Vainqueur 5:2 à Omdurman en début de mois, Mazembe abordait le match retour nanti d'une confortable avance. Les Corbeaux, quadruples finalistes de l'épreuve entre 1967 et 1970, se sont peut-être un peu vite imaginés en finale. Il faut dire que le succès obtenu en terre soudanaise était le plus large jamais enregistré à ce stade de la compétition. Dans ce contexte, le match de dimanche à Lubumbashi a pris des allures de simple formalité.

Un coaching parfait
Pour espérer accéder à la finale, les visiteurs devaient s'imposer au minimum 4:0. Autant dire que les Soudanais auraient eu besoin d'un miracle pour renverser la situation. Pourtant, au fil des minutes, le rêve a commencé à prendre forme. Edward Sadomba a ouvert le score à la 26e minute en profitant d'une erreur défensive. Six minutes plus tard, Al Hilal doublait la mise. Bien lancé dans le dos de la défense, Mohamed Tahir se présentait seul face au gardien de Mazembe. Au prix d'une belle parade, Robert Kidiaba parvenait à détourner le tir de l'attaquant soudanais, mais le Zimbabwéen Sadomba était le plus prompt pour glisser le ballon au fond des filets.
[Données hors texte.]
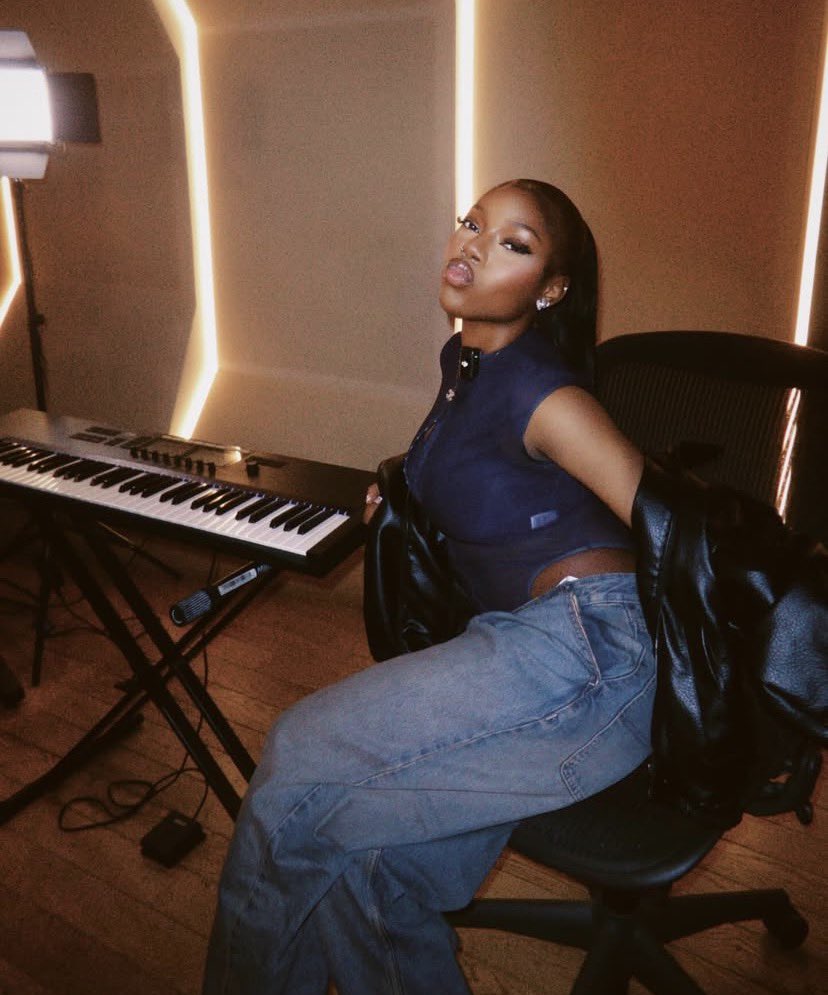 UKHipHopdaily tweet media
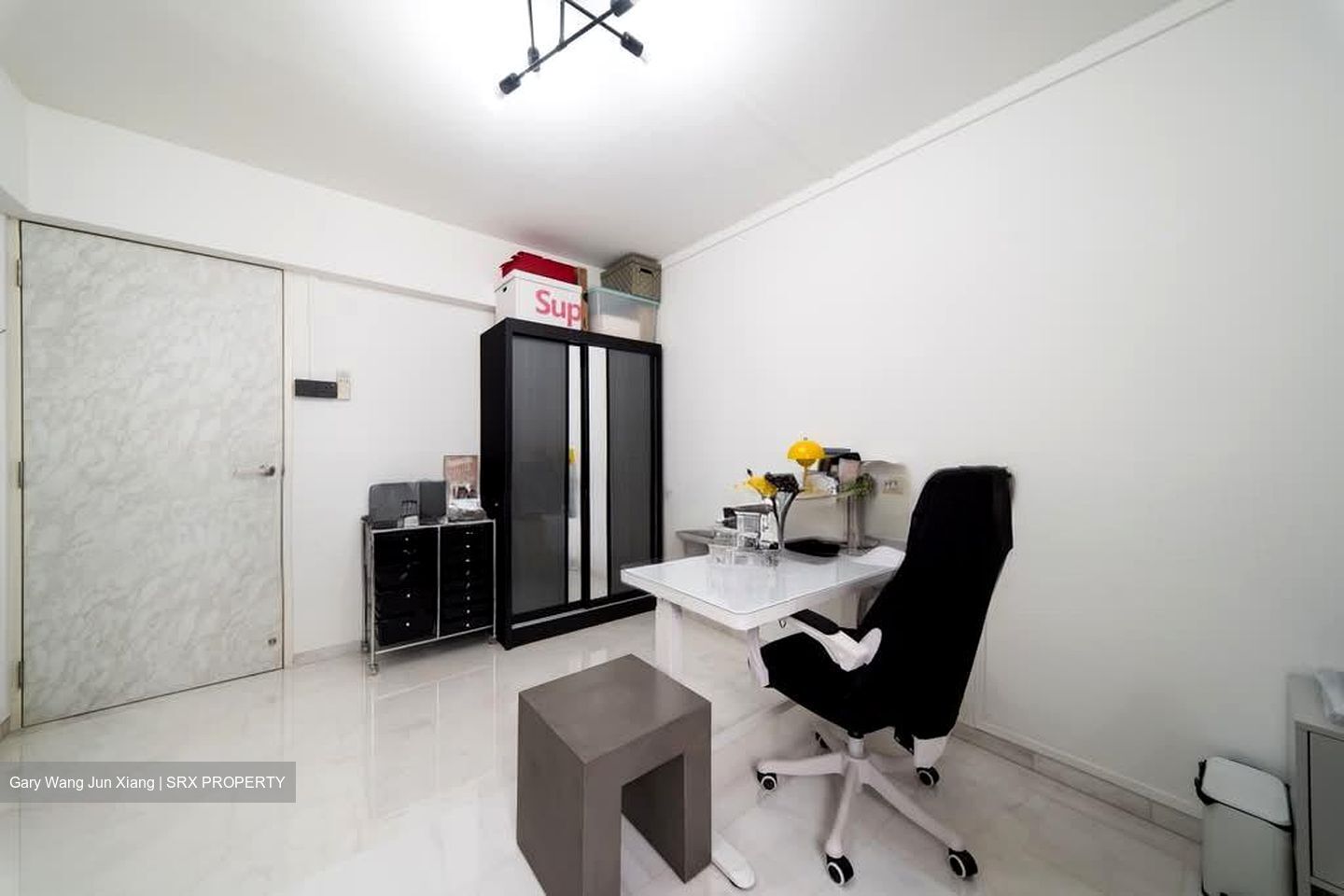 Blk 123 Bishan Street 12 (Bishan), HDB 4 Rooms #574021421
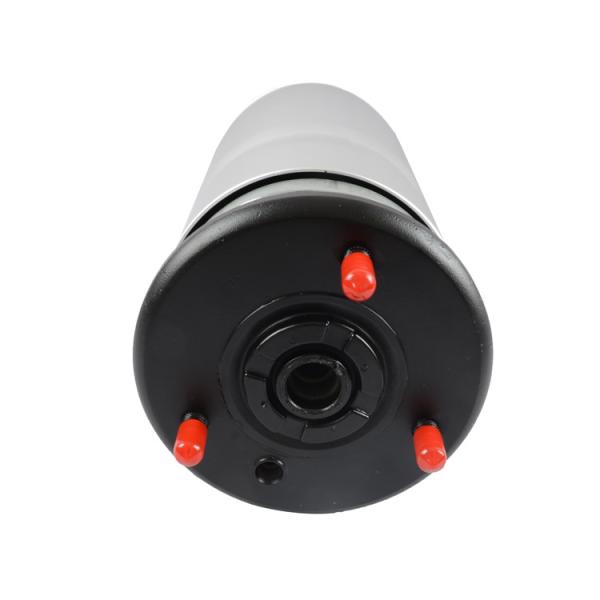 LR016403 Front Suspension Air Spring For Discovery 3 LR3 Air Shock Absorber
Ce scénario catastrophe a vite semé la consternation dans les rangs congolais. Conscient de la gravité de la situation, l'entraîneur Diego Garzitto procédait à plusieurs changements à la pause dans l'espoir de remettre son équipe sur de bons rails. Le jeune Deo Kanda, titularisé pour la première fois en Ligue des champions de la CAF, a été le premier à faire les frais de cette réorganisation en cédant sa place au Camerounais Narcisse Ekanga. Un deuxième remplacement allait permettre aux locaux de se ressaisir. Sans véritablement dominer son sujet, le TP Mazembe s'est créé plusieurs occasions en deuxième période, sans toutefois parvenir à déstabiliser une défense soudanaise parfaitement organisée.

Plus rien ne fut marqué par la suite mais les célébrations d'après-match ont tourné court. Inquiets de cette triste performance, les supporters congolais ont tenu à manifester leur désapprobation. Le résultat est d'autant plus médiocre que les joueurs avaient assuré avant la rencontre qu'ils entendaient se montrer aussi tranchants qu'ils l'avaient été à l'aller. Le TP Mazembe doit maintenant se préparer à affronter Heartland FC le dimanche 1er novembre à Owerri pour le compte de la première manche de la finale de la Ligue des champions de la CAF. Le match retour aura lieu à Lubumbashi une semaine plus tard. Le vainqueur de l'épreuve sera directement qualifié pour la Coupe du Monde des Clubs de la FIFA, organisée à Abou Dabi en décembre.